Yahya Cholil Staquf : “trop de musulmans voient la civilisation comme quelque chose qu’il faut combattre”

Le deuxième point: les musulmans traditionnels et leur rapport à l’état.

Dans la tradition islamique, l’état se conçoit comme un état universel et uniforme pour tous les musulmans. À sa tête, il y a un autocrate, qui unit les musulmans contre les non-musulmans.

À cet égard, il n’est donc pas non-islamique de poursuivre la création d’un califat comme le fait l’État islamique ?

À cet égard, cela cadre effectivement dans la tradition. Il est évident qu’en pratique nous vivons dans un monde d’États-nations. Toute tentative de créer un état islamique uniforme mènera de toute façon à la violence et au chaos.

Vous dites aussi que le troisième fondement problématique de l’islam traditionnel concerne le rapport au droit.

Beaucoup de musulmans partent du principe qu’il existe un ensemble de lois islamiques fixes et invariables, qu’on appelle aussi la sharia. C’est conforme à la tradition, mais cela mène fatalement à des heurts avec les lois des États-nations laïques. Nous devons faire en sorte que l’idée que les normes traditionnelles de la doctrine islamique soient absolues soit reconnue comme une erreur. Les valeurs religieuses et la réalité sociale doivent concorder. Et il faut qu’il soit clair comme l’eau de roche que les lois de l’état de droit ont priorité.

Y a-t-il un lien entre ces aspects problématiques de la théologie islamique classique?

Partout dans le monde, des terroristes et des extrémistes se basent sur ces fondements traditionnels.

Que faire?

En Indonésie, une majorité avait déjà compris que les fondements devaient être compris dans leur contexte médiéval. Une majorité des musulmans indonésiens comprenait – et je pense comprend – que ces principes ne sont pas un manuel pour l’époque actuelle. Pour cela, il faudrait trouver un consensus dans le monde entier.

Vous dites qu’en Indonésie la théologie islamique professe des positions au moins en partie progressives. En même temps, depuis quelques années, le fondamentalisme semble y gagner du terrain. Le nombre de condamnations de non-musulmans pour blasphème a augmenté de manière explosive. L’ex-gouverneur chrétien de Jakarta s’est retrouvé emprisonné pour prétendue insulte au Coran.

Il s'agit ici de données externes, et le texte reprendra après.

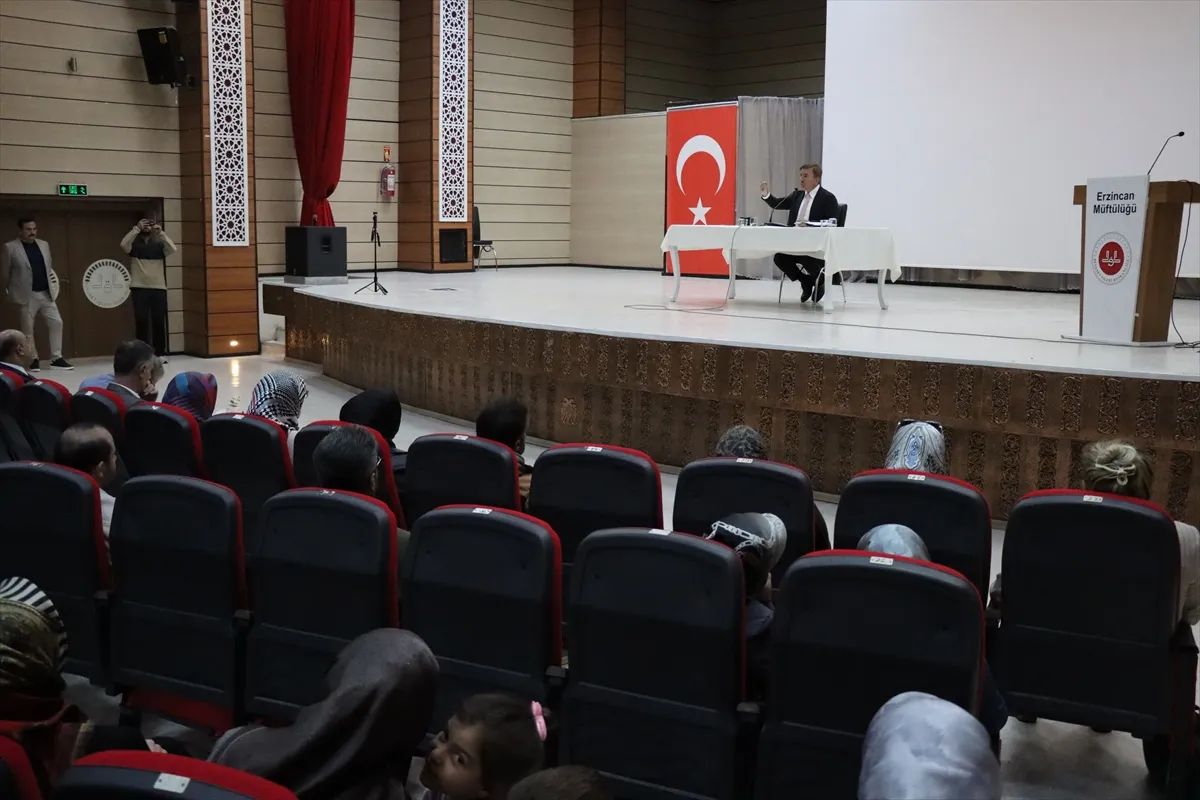 Erzincan Valisi Aydoğdu’dan velilere çağrı: Vicdanlı ve merhametli çocuklar yetiştirin Erzincan Valisi Aydoğdu’dan velilere çağrı: Vicdanlı ve merhametli çocuklar yetiştirin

Partout dans le monde, le discours islamique classique est utilisé pour attiser les conflits entre musulmans et non-musulmans. Dans les pays où les musulmans forment une majorité, les élites politiques se servent de ce discours comme d’une arme pour réaliser leurs propres objectifs. C’est également le cas en Indonésie.

Cette politisation de l’islam est-elle un phénomène mondial ?

Je pense que sur ce point les pays européens comme la Belgique, la Grande-Bretagne ou le Danemark ont d’aussi grands problèmes que l’Indonésie. Trop de musulmans voient la civilisation – la cohabitation pacifique de personnes qui ont des convictions religieuses différentes – comme quelque chose qu’il faut combattre. Et je pense que beaucoup d’Européens le sentent. Il y a en Occident un grand malaise quand il s’agit de minorités islamiques. La peur de l’islam grandit. J’ai des amis occidentaux islamophobes. Ils ont peur de l’islam, et sincèrement, je peux les comprendre.